Зяма и сам писал стихи. У меня сохранилось несколько его стихотворений, присланных мне в конце войны на фронт.
Среди этих стихов есть несколько строк, которые мне особенно дороги. В полушуточном стихотворении он пишет о своих друзьях:
У меня их трое верных,Трое храбрых, беспримерных,Трое! Кто из них верней?Кто вернее в дружбе, в чести,Кто стоит на первом месте:Русский, грек или еврей?Про кого сказать: «Во-первых»?У того покрепче нервы,У другого сердце шире,Третий мудростью возьмет.Я скажу: «Во-первых – трое»,– Это будет верный ход!Грек – это Максим Селескириди (Греков), воевавший в тылу врага, русский – Женя Долгополов, любимец студии, человек действительно с широким, добрым сердцем, – увы, с войны так и не вернувшийся… Что касается третьего, то слова о его мудрости, конечно, лишь дружеское преувеличение и прежде всего свидетельство верности дружбе самого автора.

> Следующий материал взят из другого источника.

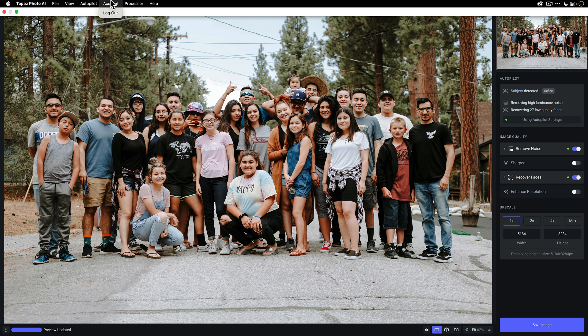Under account, you'll want to make sure that you are logged in so that you don't have any of the trial limitations applied. However, if you do exceed your maximum seat allowance and you want to log out of one of the computers so that you can log into another computer, this is where you would do so.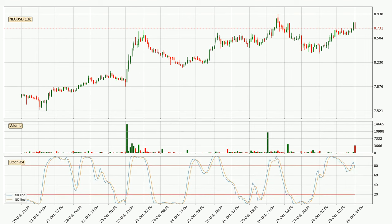Moving to the hourly Stochastic RSI, there are no signs of it being oversold or overbought at this time, but we can see that the trend is currently going down because the K line is below the D line.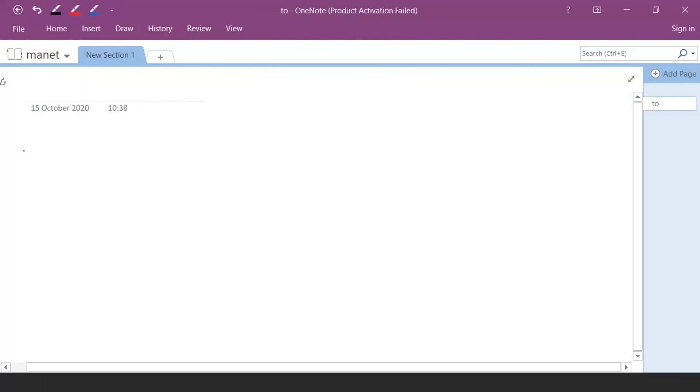Hello students. In today's lecture we will discuss about the MANET operation.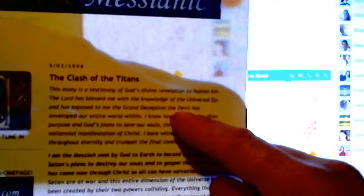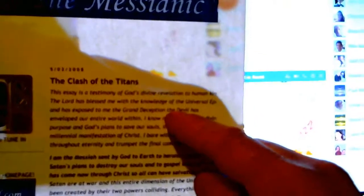Okay, this is what we're going to do — I want to read this, so maybe we can read it together. The essay is a testimony of God's divine relationship to human kin. The Lord has blessed me with the knowledge of the universal — I can't read that word — and has exposed me to the grand deception. The grand deception: the devil has enveloped our entire world within. This word — you have to take every single letter, and every single letter is a word in its own, with the 'D' owning the reality and truth within. The word has enveloped our entire world within.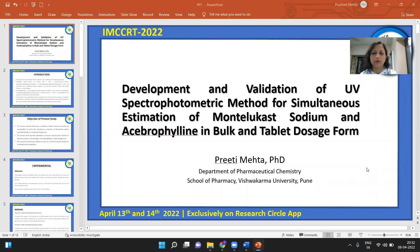Hello everyone, this is Dr. Preeti Mehta from the Department of Pharmaceutical Chemistry, School of Pharmacy, Vishwa Karma University, Puri.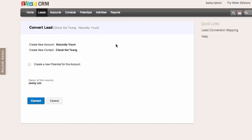Take note that once a lead has been converted, the process cannot be reversed — you can't undo the conversion once you've done it. So once you're sure that you want to proceed with converting this lead, you can click convert.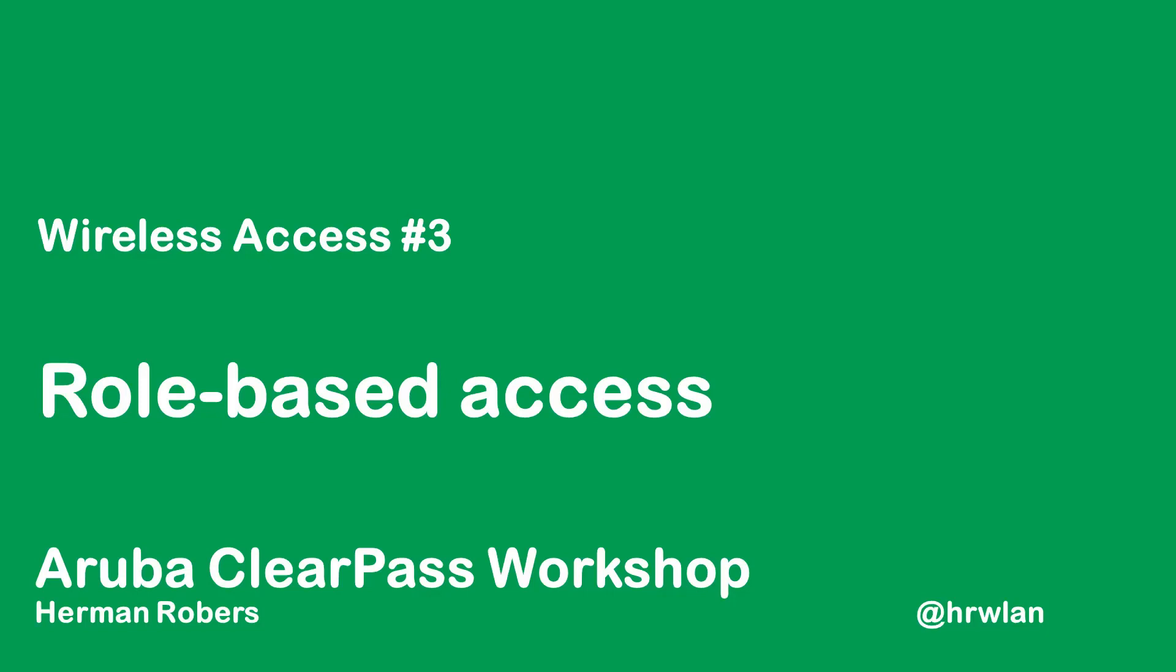Hello and welcome to this new video in the ClearPass workshop series. My name is Hermann and in this series I will build a ClearPass deployment from scratch and integrate with Wired, Wireless and Active Directory and much more.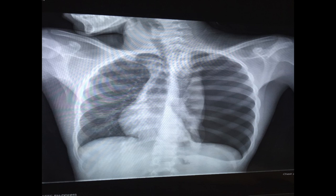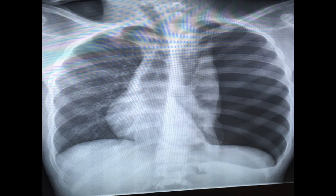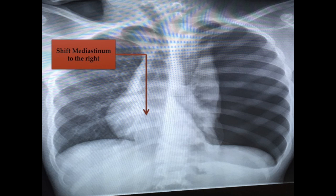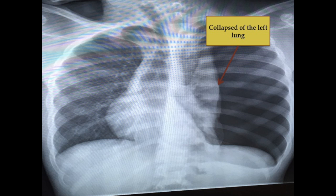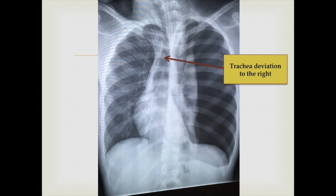This is the same view, now magnified. The first finding in this chest x-ray is shifting of the mediastinum to the right side. The second finding is a collapse of the left lung. The third finding is trachea deviation to the right side.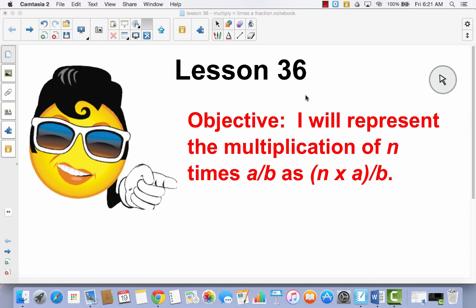Lesson 26. I will represent the multiplication of n times a over b as n times a over b. Lesson 36 is a continuation of what we did in lesson 35. So if you remember, n represents any whole number.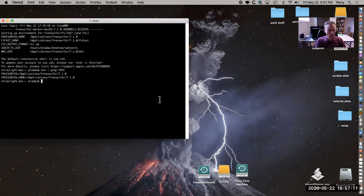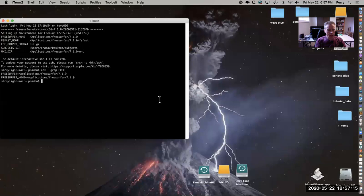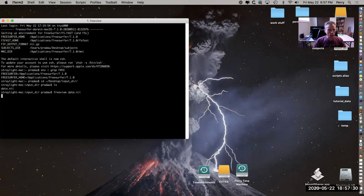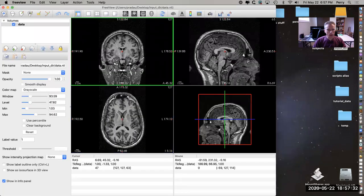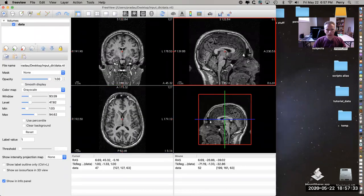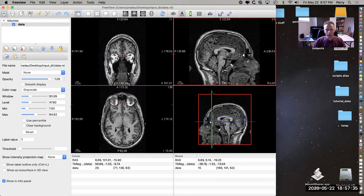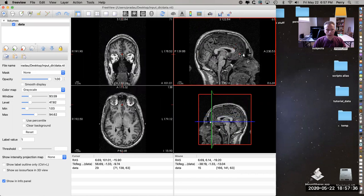Let's go to the directory where we have the data. I already created this directory and I put some data in it. You can see with FreeView that it's actually appropriate data - this is a nifty file and you can see this is T1 weighted MRI, that's what we want for FreeSurfer.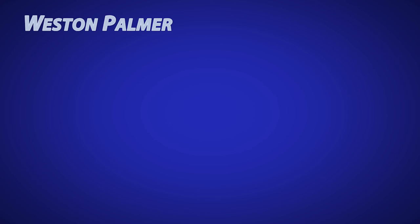Thanks for watching. I hope you'll subscribe and turn on notifications so you know when new videos are released. Check out some of these other videos I think you'll find helpful.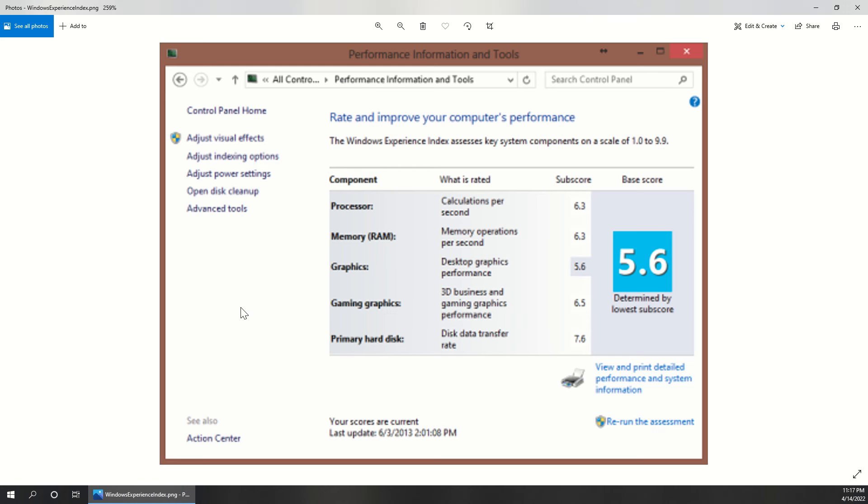Welcome. In this video, I'll be walking you through how to find the Windows Experience Index Score, as seen here in Windows 7, but on a Windows 10 machine.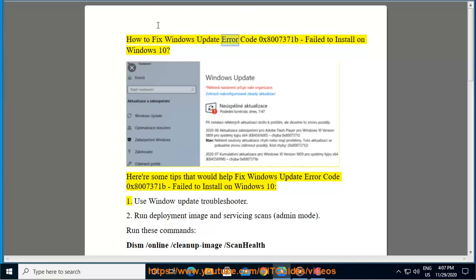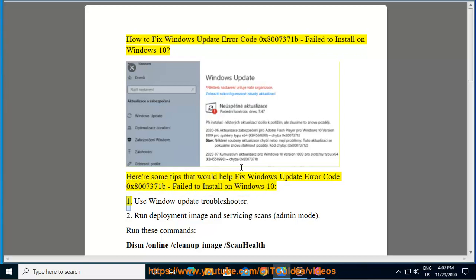How to fix Windows Update Error Code 0x8007371b failed to install on Windows 10. Here are some tips that would help fix Windows Update Error Code 0x8007371b failed to install on Windows 10.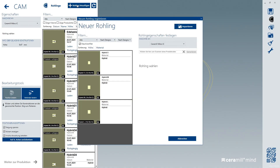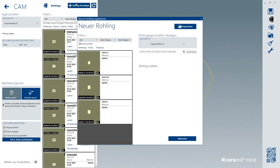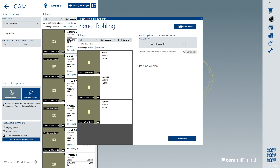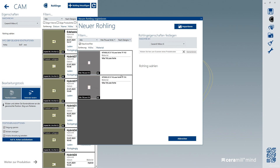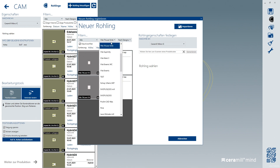A great simplification of the Edelweiss block is the possibility to machine it with a wide variety of milling programs. Whether they are used as material hybrid, Trilux Forte, or Enemic by Vita, they achieve perfect results.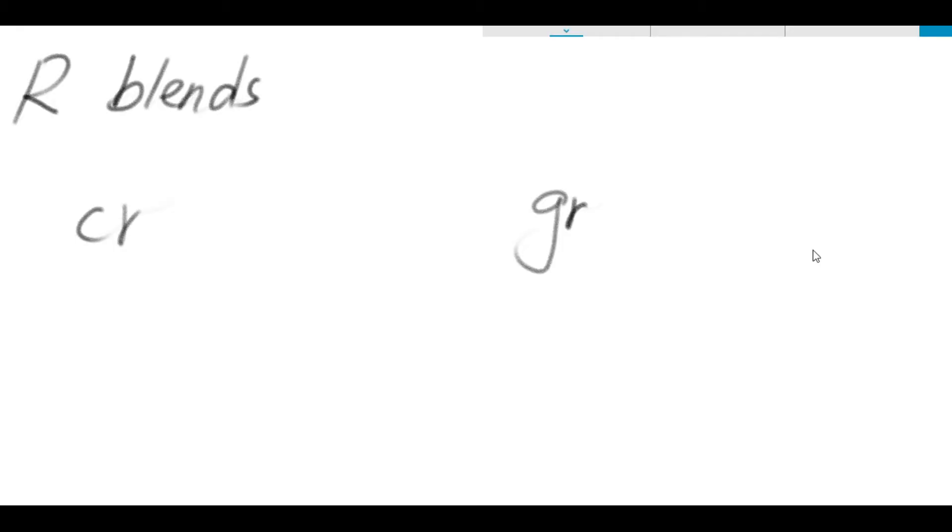Welcome to the portable classroom, Phonic Zone. In today's lesson, we are going to learn two more R blends. These two R blends are C-R and G-R.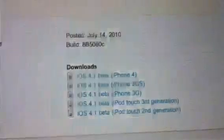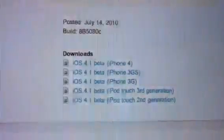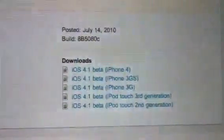So anyways, see right here, 3GS, iPhone 4, 3GS, 3G, 3rd gen, 2nd gen.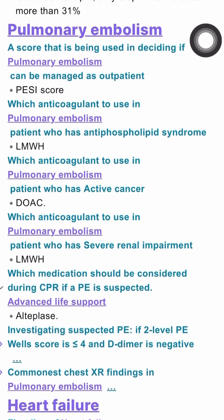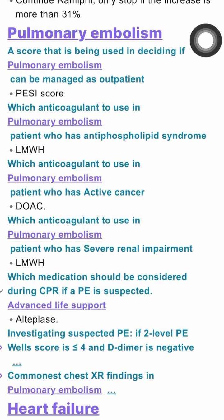Regarding investigation: if a patient has suspected PE and the 2-level PE Wells score is less than 4 and D-dimer is negative, what we should do is stop the anticoagulant and move forward to look for a different diagnosis.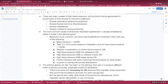Blood pressure higher than 140 over 90, they take three or more blood pressure medications but still have blood pressure higher than 140 over 90, require four medications to control blood pressure, or have high blood pressure and low potassium.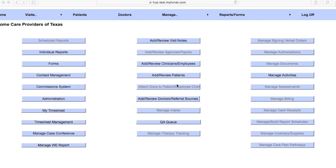Okay, so this video is going to cover how to properly put in an evaluation or eval note into the HCnet system. Once you log into your HCnet, you'll come to a home screen similar to this. Yours will just look slightly different as this is the administrative side.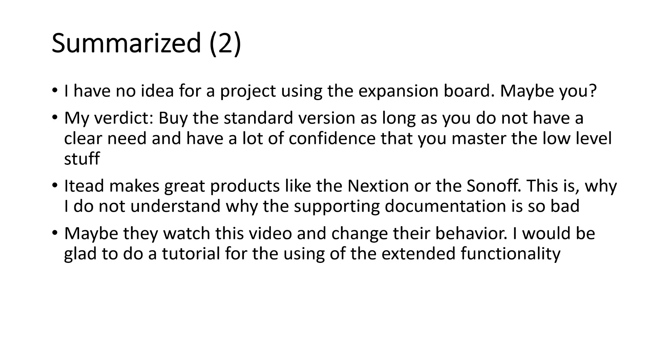I hope this video was useful or at least interesting for you. Bye!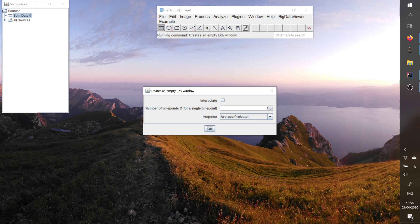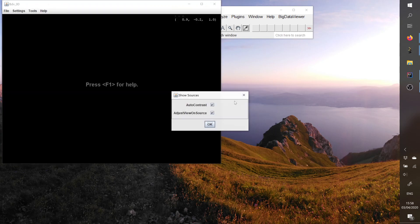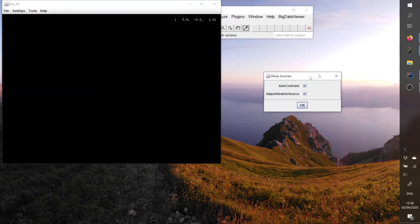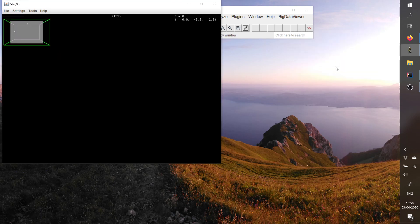Here we have only a single time point and I will not interpolate by default. After, it's asking if you want to center the view on the source or do an auto-contrast. So we can just let this on.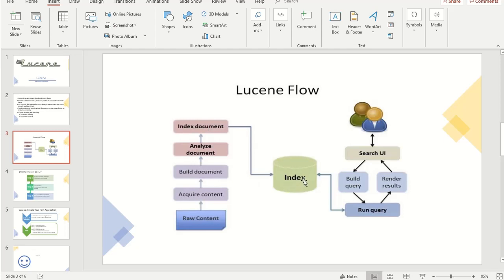Once the index database has been created, the user can search the text using the search UI and then a query is built. In this query the text will be passed, and the query will be run across the index database which will render the result. In Lucene, the flow from building the document to indexing to searching is handled by Lucene, while rendering results and other parts are mostly done by the application side.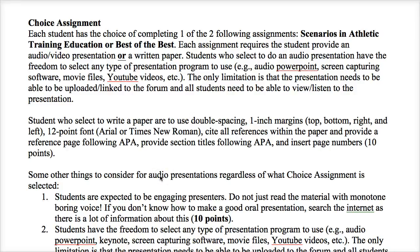Hi, welcome back. This is our last presentation about the nuts and bolts of our class. In this presentation I'll cover the choice assignment. As you can tell from this and other presentations, I do try to give students choices in their assignments to make sure that the material you are covering in this program, especially in this class, is applicable to you and something you're interested in doing.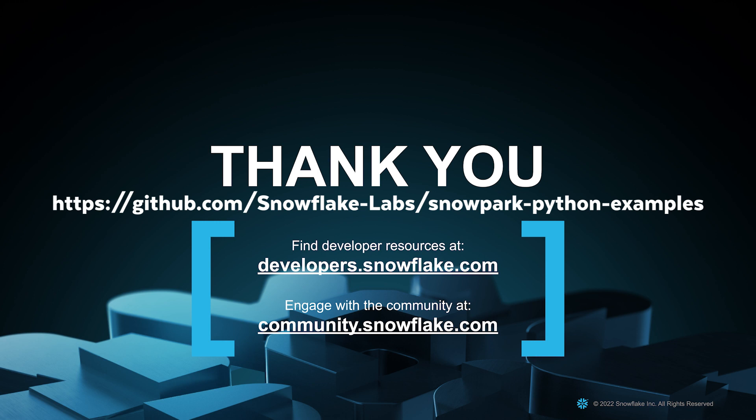If this was useful for you and you've got something out of it, please like and subscribe. If you'd like to try this out for yourself, please check out Snowflake Labs GitHub account where we have a Snowpark Python repo containing all of today's code.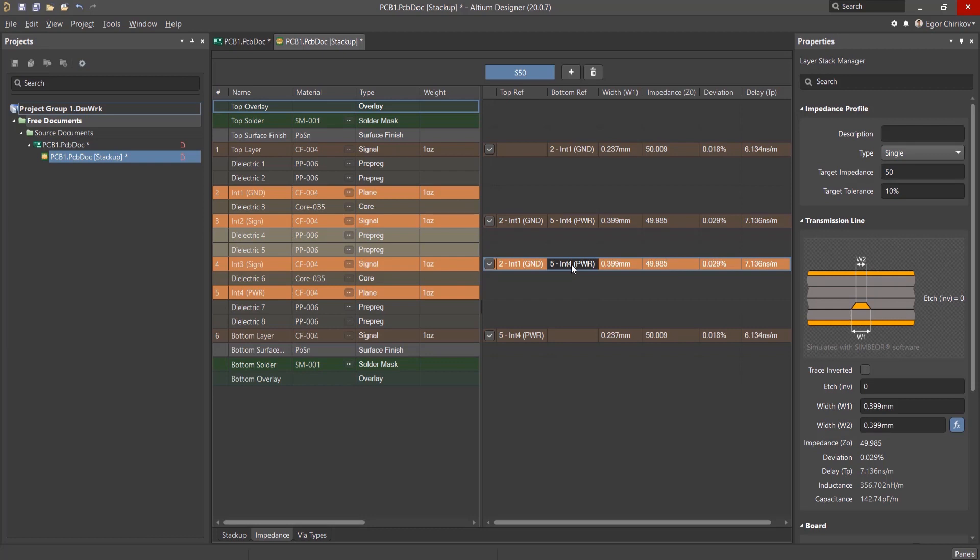The Layer Stack Manager automatically calculates the impedance value by taking into account the different number of dielectrics to the reference layer and the different dielectric constants for each dielectric.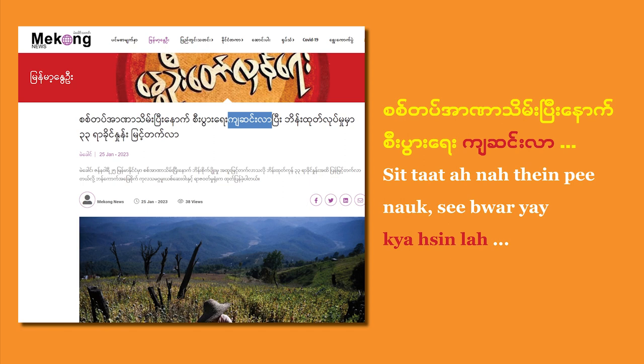Take a look at this article from Mekong News about the decline of economy in Burma after the military coup. The verb 'to decline' is right here: jat sen. But it's followed by the verb la.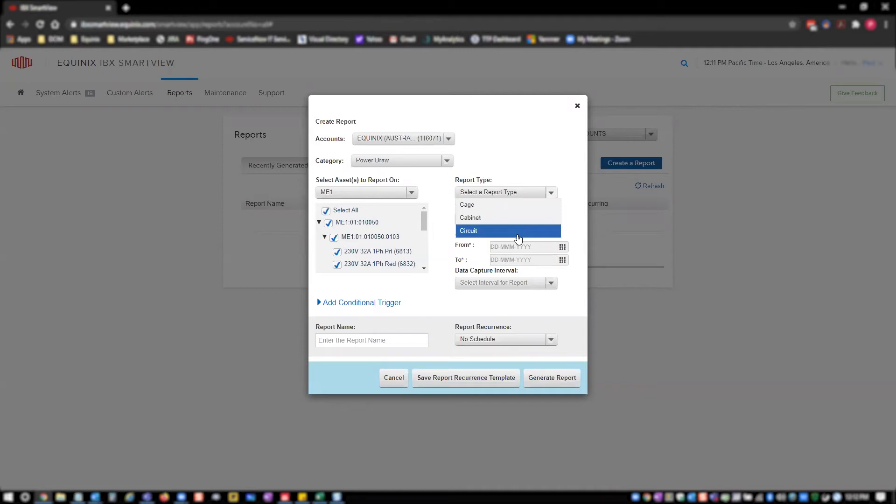If you select cabinet, your report will have cabinet level data. If you select circuit, your report will have circuit level data. Similarly, every row in the resulting CSV file will be one circuit at one timestamp. Circuit level reports are the most detailed power reports in IBX SmartView.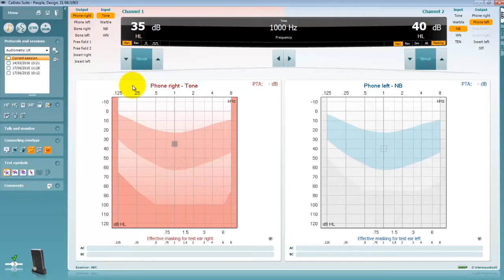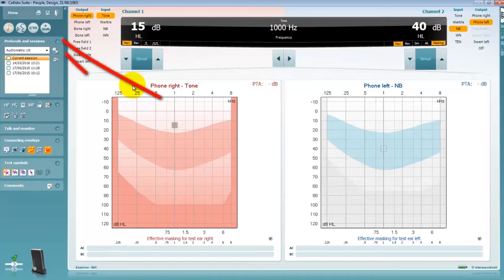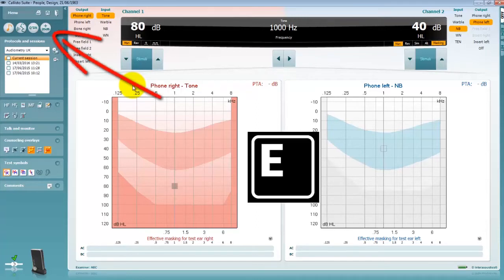To extend your testing range for intensities higher than 100 decibels you can click on the extended range icon or press the E shortcut key.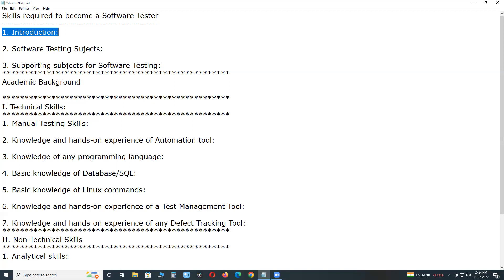Software testing can be conducted in four test levels: unit testing, integration testing, system testing, and acceptance testing. Testers may vary from one level to another. We independent testers conduct testing at system testing level.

Но своих стихов он не читал. Он слишком хорошо знал, что такое подлинная поэзия. Читал тех, кого любил.
И я не удивляюсь, что, будучи уже известным артистом, он говорил: «Больше всего я хочу читать стихи людям».
Но были не только стихи. Шли репетиции, игрались спектакли. Никуличев после «Ножей» поставил «Фантазию» Козьмы Пруткова, «Свои люди – сочтемся» и «Бедность – не порок» Островского, где я играл Африкана Коршунова, а Зяма – того самого «Англичанина», который у Островского лишь упоминается. По-настоящему первую роль он сыграл у Плучека в «Женитьбе Фигаро». Играл он Бартоло. Играл очень весело и смешно, настолько смешно, что мы, на сцене, с трудом удерживались от смеха.
Но в конце концов наш театр, как почти все профсоюзные театры, примерно в тридцать седьмом был закрыт. Я поступил во вспомогательный состав Камерного театра, Зяма – в кукольный. Не в Образцовский. Был еще один кукольный театр, кажется, на Никольской. Так что его карьера кукольника началась задолго до того, как он стал ведущим артистом в театре Образцова.
И вот еще одна дата – 19 мая 1938 года.
День создания так называемой Арбузовской студии. В этот день, «в час пурпурного заката», как записано в «Студиате», шуточной истории студии, на квартире у Валентина Николаевича собрались человек десять. Кроме самого Плучека и Александра Гладкова, четверо из нашего бывшего театра, несколько студентов училища при театре Мейерхольда, два профессиональных актера. Арбузов, один из инициаторов создания студии, отсутствовал – он был на футбольном матче, пропустить который мог только если бы лежал на больничной койке, без сознания. Не было и Зямы: то ли не смогли его предупредить, то ли был занят в спектакле, уже не помню.
Идея написать пьесу самим, методом импровизации, принадлежала Арбузову. Самое удивительное то, что она была осуществлена.
Когда по предложению, кажется, Гладкова было решено писать пьесу о строительстве Комсомольска, мы начали сочинять заявки на роли, которые хотели бы сыграть. Мы придумывали образы наших героев, писали их биографии. Эти наши сочинения читались в Раздорах, на даче у Милы Нимвицкой. Наши руководители, мы называли их «авгурами», были в состоянии неподдельного энтузиазма. Арбузов сказал, что по этим заявкам можно написать не одну пьесу, каждая заявка не просто на роль – на пьесу.